Data supplied
-- -- --

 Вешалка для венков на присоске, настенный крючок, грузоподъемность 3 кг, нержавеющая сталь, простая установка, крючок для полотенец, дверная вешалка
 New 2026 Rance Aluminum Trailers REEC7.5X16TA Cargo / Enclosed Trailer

-- -- --

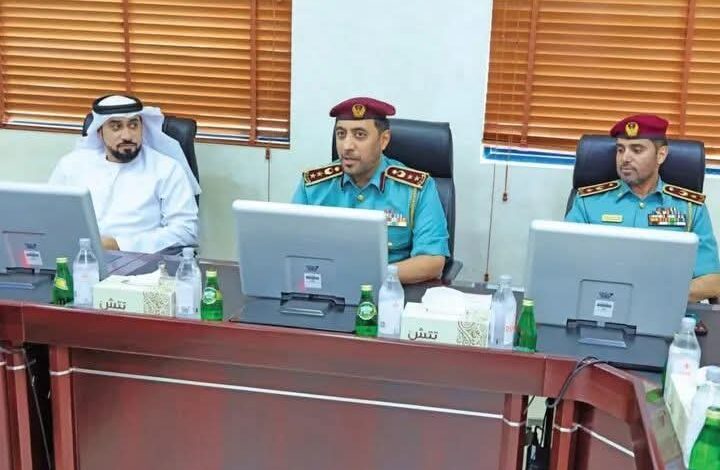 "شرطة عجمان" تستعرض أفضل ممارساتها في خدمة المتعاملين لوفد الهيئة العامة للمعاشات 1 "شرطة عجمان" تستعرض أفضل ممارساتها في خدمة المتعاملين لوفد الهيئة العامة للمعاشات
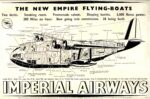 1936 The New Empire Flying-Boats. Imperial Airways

-- -- --

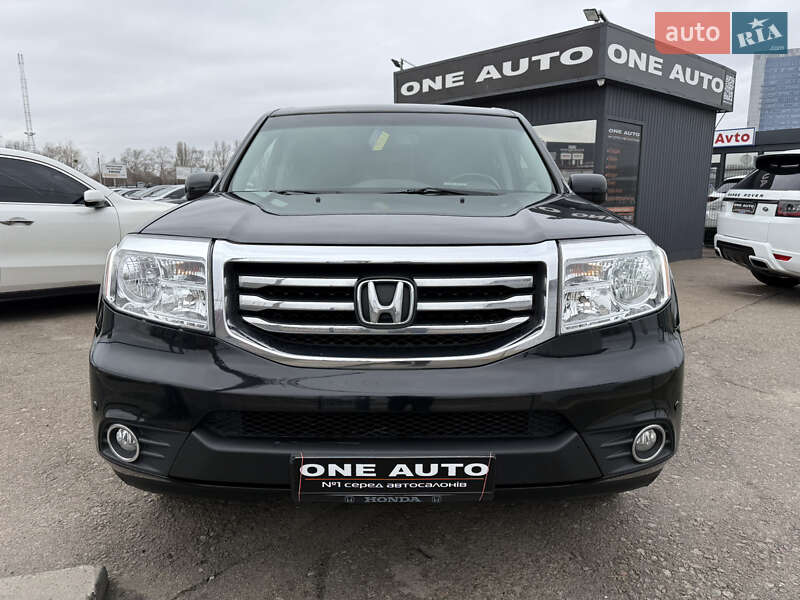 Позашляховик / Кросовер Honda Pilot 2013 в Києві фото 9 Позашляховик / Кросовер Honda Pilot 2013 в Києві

-- -- --

Activity
Using the entries above, repeat only the lines from the one containing "Вешалка для венков" through the one containing "New 2026 Rance", end lines included.

Response area
 Вешалка для венков на присоске, настенный крючок, грузоподъемность 3 кг, нержавеющая сталь, простая установка, крючок для полотенец, дверная вешалка
 New 2026 Rance Aluminum Trailers REEC7.5X16TA Cargo / Enclosed Trailer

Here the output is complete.